In the listing, locate the line containing "35938bdd-6b34-4ad0-9750-17e1ab9e3e9b", then quote it and all following lines exactly. Omit pictures.

(Given data)

..........

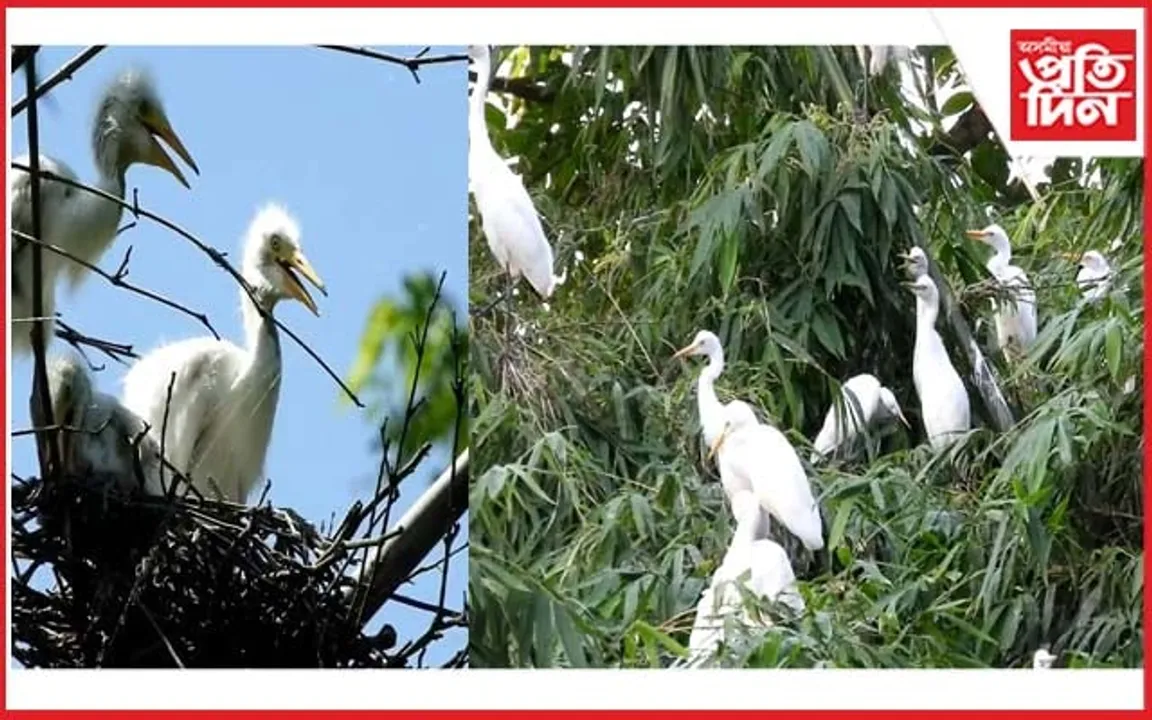 ব'হাগৰ বিয়লি মুক্ত প্ৰকৃতিৰ আশ্ৰয়ত এজাক বগলী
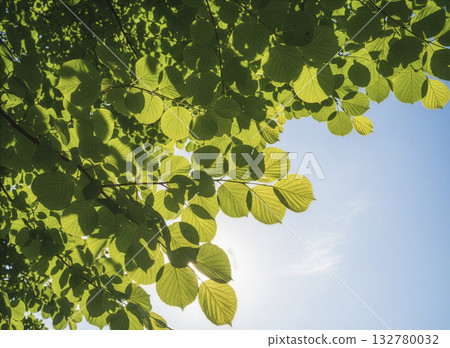 AI 生成的圖像：陽光透過天空的新鮮綠色植物抬頭仰望 132780032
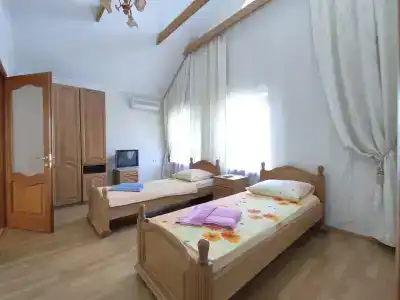 SanAlex - 11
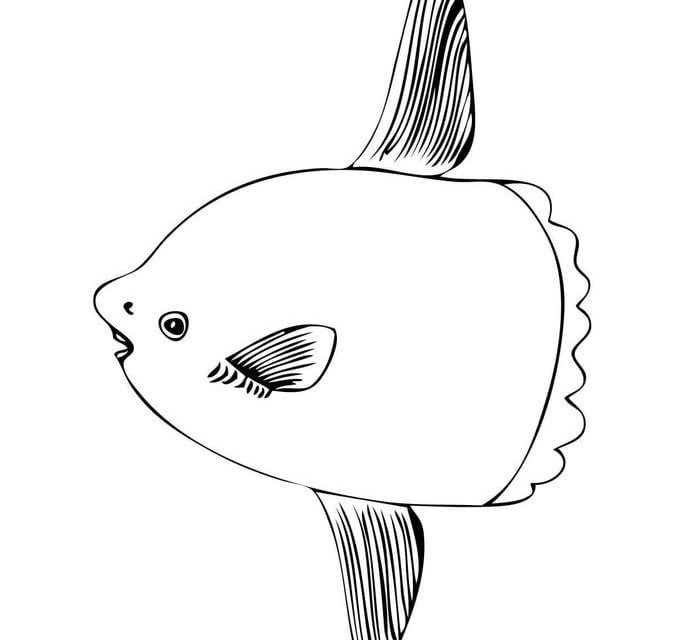 Coloring pages: Ocean Sunfish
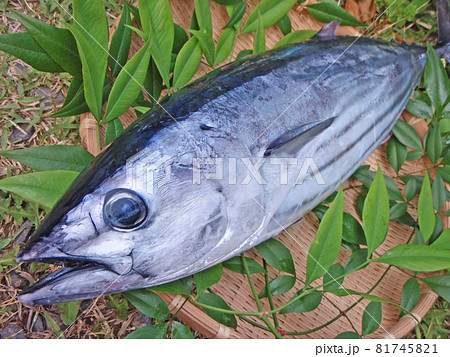 活きの良いカツオ 活きの良いカツオ 81745821
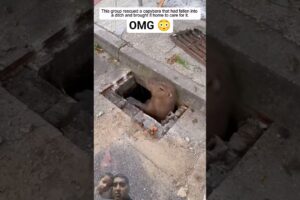 this group rescued a capybara #animals #rescue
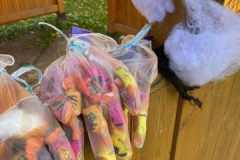 35938bdd-6b34-4ad0-9750-17e1ab9e3e9b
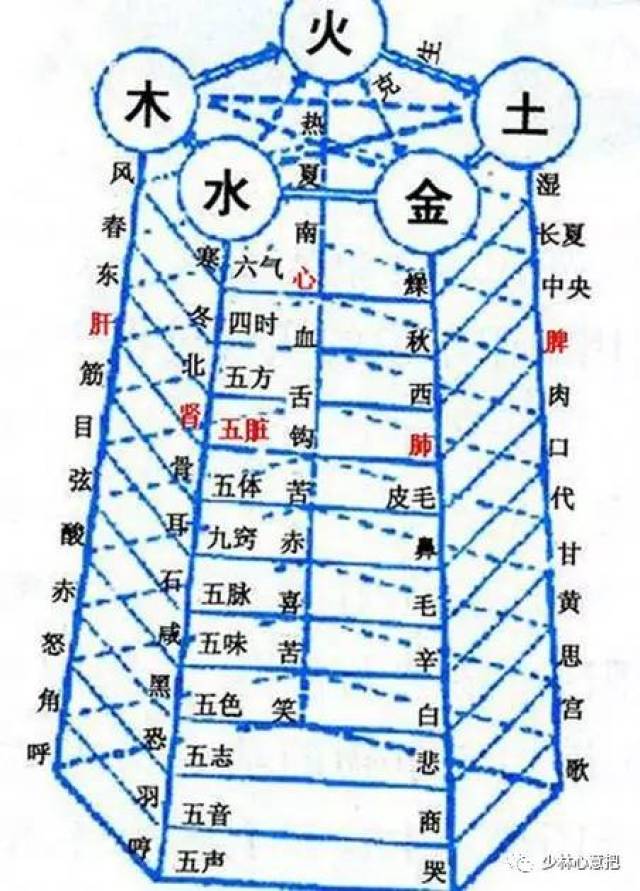 芢 花 芹 芥 苁 芩 芬 芳 芦 芯 苰 苏 栒 栓 栗 栟 校 五行属水的字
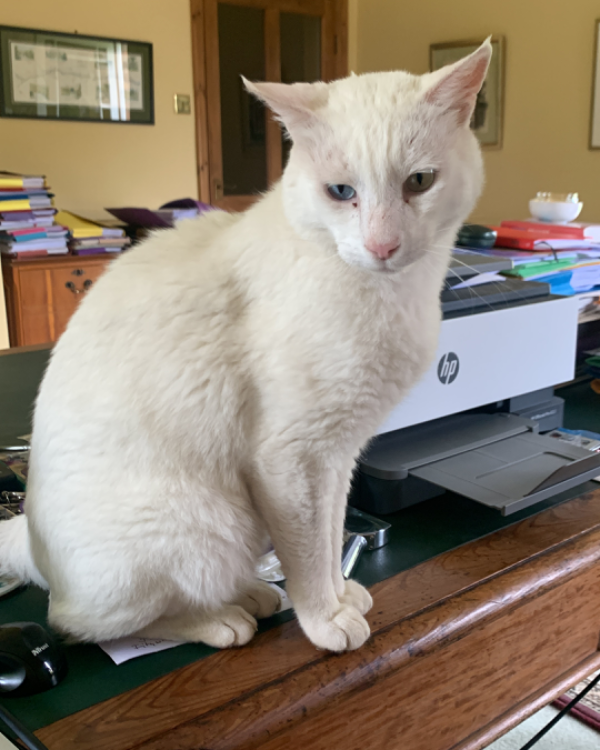 Missing Cat - Harton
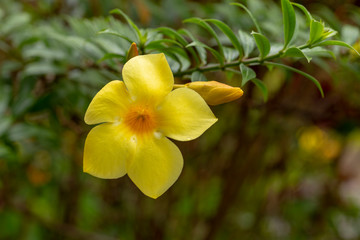 Obraz na płótnie Canvas Yellow Golden Trumpet flower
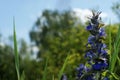 Blue wildflowers in the wild against a background of green grass and blue sky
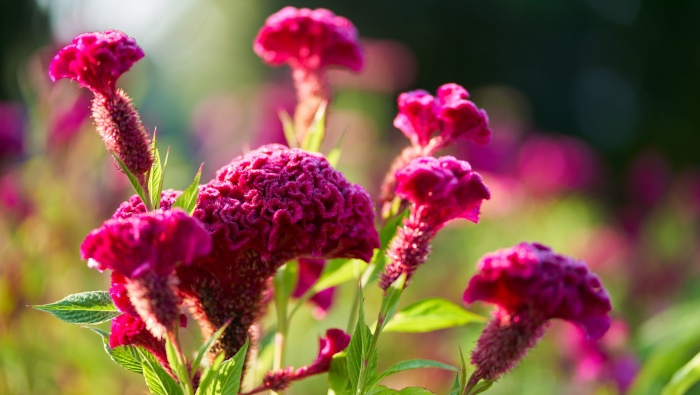 Cockscomb pictures HD computer wallpaper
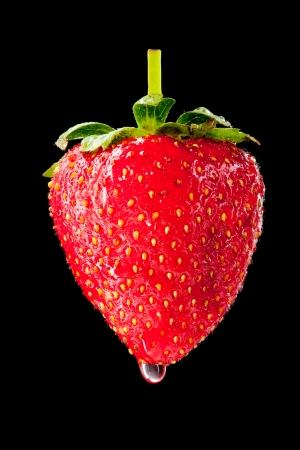 Close-up of wet ripe strawberry. Isolated on blackの写真素材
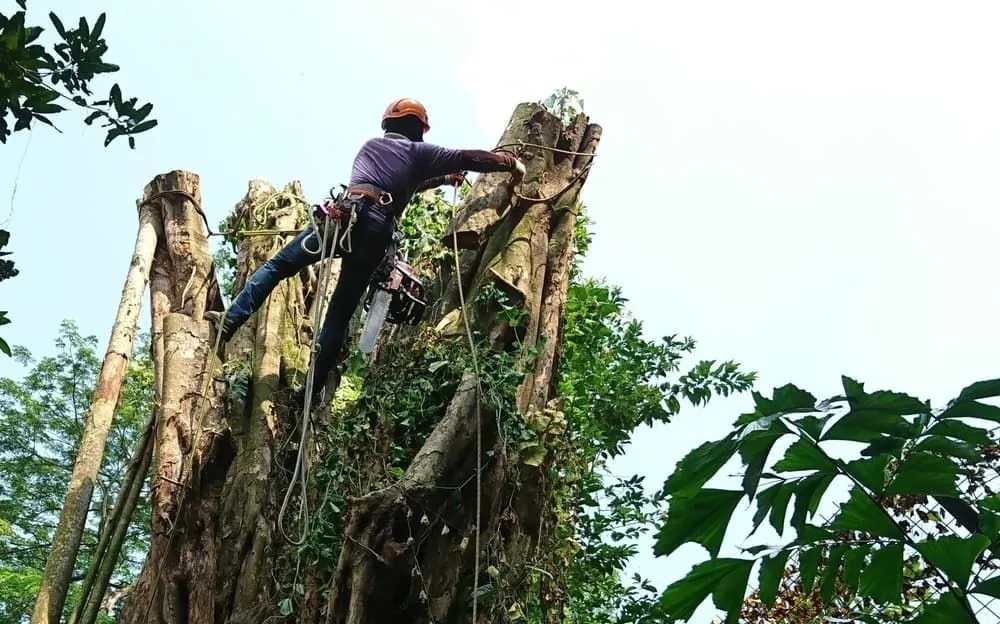Climber removing a tree in sections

..........

(Exercise solution)
 35938bdd-6b34-4ad0-9750-17e1ab9e3e9b
 芢 花 芹 芥 苁 芩 芬 芳 芦 芯 苰 苏 栒 栓 栗 栟 校 五行属水的字
 Missing Cat - Harton
 Obraz na płótnie Canvas Yellow Golden Trumpet flower
 Blue wildflowers in the wild against a background of green grass and blue sky
 Cockscomb pictures HD computer wallpaper
 Close-up of wet ripe strawberry. Isolated on blackの写真素材
Climber removing a tree in sections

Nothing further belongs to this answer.